In the records below, find the line holding "Άνδρας που φοράει" and the line holding "A pair of diamond". Set down both, with every line between them, exactly.

Materials provided.
■ ■ ■ ■ ■ ■ ■

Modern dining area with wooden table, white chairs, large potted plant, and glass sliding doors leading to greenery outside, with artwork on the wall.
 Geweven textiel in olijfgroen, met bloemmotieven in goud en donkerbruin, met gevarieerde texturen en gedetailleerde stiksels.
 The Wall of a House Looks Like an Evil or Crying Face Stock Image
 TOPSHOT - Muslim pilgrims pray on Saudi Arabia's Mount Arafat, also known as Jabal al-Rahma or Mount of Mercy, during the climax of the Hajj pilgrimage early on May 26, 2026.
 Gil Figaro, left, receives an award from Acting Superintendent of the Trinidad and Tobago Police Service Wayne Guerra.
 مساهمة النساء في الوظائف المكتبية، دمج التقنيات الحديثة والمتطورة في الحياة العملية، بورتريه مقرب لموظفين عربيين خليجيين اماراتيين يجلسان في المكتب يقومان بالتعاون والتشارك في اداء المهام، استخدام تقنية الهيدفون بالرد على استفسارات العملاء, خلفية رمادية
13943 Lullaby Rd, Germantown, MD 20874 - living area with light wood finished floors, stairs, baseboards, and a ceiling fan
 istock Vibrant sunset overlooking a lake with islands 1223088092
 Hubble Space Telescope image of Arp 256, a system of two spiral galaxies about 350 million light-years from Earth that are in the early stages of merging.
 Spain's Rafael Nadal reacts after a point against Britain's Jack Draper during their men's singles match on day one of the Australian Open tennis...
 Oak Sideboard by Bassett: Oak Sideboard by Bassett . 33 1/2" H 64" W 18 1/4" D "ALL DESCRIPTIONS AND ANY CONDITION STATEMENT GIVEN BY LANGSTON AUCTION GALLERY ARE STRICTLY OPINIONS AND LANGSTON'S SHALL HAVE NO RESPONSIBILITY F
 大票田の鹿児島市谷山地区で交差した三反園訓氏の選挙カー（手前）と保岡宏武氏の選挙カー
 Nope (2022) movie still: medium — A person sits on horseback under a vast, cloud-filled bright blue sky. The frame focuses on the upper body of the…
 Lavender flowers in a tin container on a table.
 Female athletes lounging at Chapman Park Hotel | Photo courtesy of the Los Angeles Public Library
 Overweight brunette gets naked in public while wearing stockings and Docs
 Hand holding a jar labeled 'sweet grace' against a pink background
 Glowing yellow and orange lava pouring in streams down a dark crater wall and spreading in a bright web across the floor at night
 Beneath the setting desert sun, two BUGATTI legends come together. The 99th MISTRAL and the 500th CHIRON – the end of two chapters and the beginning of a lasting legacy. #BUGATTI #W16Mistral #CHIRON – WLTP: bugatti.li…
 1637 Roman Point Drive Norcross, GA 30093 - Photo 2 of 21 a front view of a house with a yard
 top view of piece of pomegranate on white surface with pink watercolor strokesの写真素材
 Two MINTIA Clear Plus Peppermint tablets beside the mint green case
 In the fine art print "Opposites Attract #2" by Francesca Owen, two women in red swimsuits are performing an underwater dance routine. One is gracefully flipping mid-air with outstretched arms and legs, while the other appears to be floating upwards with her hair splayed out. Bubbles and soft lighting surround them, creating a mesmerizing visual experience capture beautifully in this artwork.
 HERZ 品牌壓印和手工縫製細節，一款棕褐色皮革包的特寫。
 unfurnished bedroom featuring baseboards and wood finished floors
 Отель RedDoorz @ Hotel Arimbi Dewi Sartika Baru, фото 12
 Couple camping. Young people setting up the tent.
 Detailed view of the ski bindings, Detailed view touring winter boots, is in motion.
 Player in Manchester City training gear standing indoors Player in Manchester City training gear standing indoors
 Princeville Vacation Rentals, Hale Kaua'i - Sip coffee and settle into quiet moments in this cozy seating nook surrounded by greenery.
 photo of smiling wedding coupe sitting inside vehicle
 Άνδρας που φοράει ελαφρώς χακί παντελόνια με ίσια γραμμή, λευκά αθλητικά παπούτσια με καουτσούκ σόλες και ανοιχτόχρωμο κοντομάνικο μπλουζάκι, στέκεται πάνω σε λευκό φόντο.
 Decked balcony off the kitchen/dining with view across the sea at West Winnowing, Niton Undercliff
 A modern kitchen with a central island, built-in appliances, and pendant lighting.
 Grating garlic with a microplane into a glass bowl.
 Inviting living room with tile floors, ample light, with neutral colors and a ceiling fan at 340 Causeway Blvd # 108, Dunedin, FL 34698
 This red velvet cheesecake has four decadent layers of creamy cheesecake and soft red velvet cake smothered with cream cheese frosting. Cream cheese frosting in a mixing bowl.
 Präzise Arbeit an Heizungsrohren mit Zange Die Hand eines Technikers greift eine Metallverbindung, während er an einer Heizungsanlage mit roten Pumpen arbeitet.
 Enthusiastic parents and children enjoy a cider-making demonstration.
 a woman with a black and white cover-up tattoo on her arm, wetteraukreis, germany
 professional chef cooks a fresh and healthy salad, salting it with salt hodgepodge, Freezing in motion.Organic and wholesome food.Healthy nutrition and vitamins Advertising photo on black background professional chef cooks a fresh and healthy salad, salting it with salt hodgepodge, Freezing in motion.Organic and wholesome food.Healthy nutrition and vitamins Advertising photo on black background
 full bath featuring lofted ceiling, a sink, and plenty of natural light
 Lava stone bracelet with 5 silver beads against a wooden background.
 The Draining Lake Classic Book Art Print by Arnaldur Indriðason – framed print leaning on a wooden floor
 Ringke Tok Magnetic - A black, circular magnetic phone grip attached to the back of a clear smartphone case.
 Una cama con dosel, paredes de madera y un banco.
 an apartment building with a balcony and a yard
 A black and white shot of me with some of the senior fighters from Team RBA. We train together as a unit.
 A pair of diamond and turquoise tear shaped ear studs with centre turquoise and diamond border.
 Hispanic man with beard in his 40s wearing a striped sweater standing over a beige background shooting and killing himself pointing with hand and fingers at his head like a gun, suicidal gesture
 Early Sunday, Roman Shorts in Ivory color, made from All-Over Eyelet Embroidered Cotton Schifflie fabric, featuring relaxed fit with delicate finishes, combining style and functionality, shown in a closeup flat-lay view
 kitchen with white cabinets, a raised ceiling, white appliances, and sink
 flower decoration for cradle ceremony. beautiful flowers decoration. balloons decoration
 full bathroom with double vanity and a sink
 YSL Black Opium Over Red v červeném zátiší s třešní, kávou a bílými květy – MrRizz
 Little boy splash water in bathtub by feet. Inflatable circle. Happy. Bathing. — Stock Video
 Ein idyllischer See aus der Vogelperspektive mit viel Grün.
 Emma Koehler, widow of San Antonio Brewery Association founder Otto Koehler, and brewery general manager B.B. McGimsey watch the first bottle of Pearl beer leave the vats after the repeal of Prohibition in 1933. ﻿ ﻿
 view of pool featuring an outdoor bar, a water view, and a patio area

■ ■ ■ ■ ■ ■ ■

Expected answer.
 Άνδρας που φοράει ελαφρώς χακί παντελόνια με ίσια γραμμή, λευκά αθλητικά παπούτσια με καουτσούκ σόλες και ανοιχτόχρωμο κοντομάνικο μπλουζάκι, στέκεται πάνω σε λευκό φόντο.
 Decked balcony off the kitchen/dining with view across the sea at West Winnowing, Niton Undercliff
 A modern kitchen with a central island, built-in appliances, and pendant lighting.
 Grating garlic with a microplane into a glass bowl.
 Inviting living room with tile floors, ample light, with neutral colors and a ceiling fan at 340 Causeway Blvd # 108, Dunedin, FL 34698
 This red velvet cheesecake has four decadent layers of creamy cheesecake and soft red velvet cake smothered with cream cheese frosting. Cream cheese frosting in a mixing bowl.
 Präzise Arbeit an Heizungsrohren mit Zange Die Hand eines Technikers greift eine Metallverbindung, während er an einer Heizungsanlage mit roten Pumpen arbeitet.
 Enthusiastic parents and children enjoy a cider-making demonstration.
 a woman with a black and white cover-up tattoo on her arm, wetteraukreis, germany
 professional chef cooks a fresh and healthy salad, salting it with salt hodgepodge, Freezing in motion.Organic and wholesome food.Healthy nutrition and vitamins Advertising photo on black background professional chef cooks a fresh and healthy salad, salting it with salt hodgepodge, Freezing in motion.Organic and wholesome food.Healthy nutrition and vitamins Advertising photo on black background
 full bath featuring lofted ceiling, a sink, and plenty of natural light
 Lava stone bracelet with 5 silver beads against a wooden background.
 The Draining Lake Classic Book Art Print by Arnaldur Indriðason – framed print leaning on a wooden floor
 Ringke Tok Magnetic - A black, circular magnetic phone grip attached to the back of a clear smartphone case.
 Una cama con dosel, paredes de madera y un banco.
 an apartment building with a balcony and a yard
 A black and white shot of me with some of the senior fighters from Team RBA. We train together as a unit.
 A pair of diamond and turquoise tear shaped ear studs with centre turquoise and diamond border.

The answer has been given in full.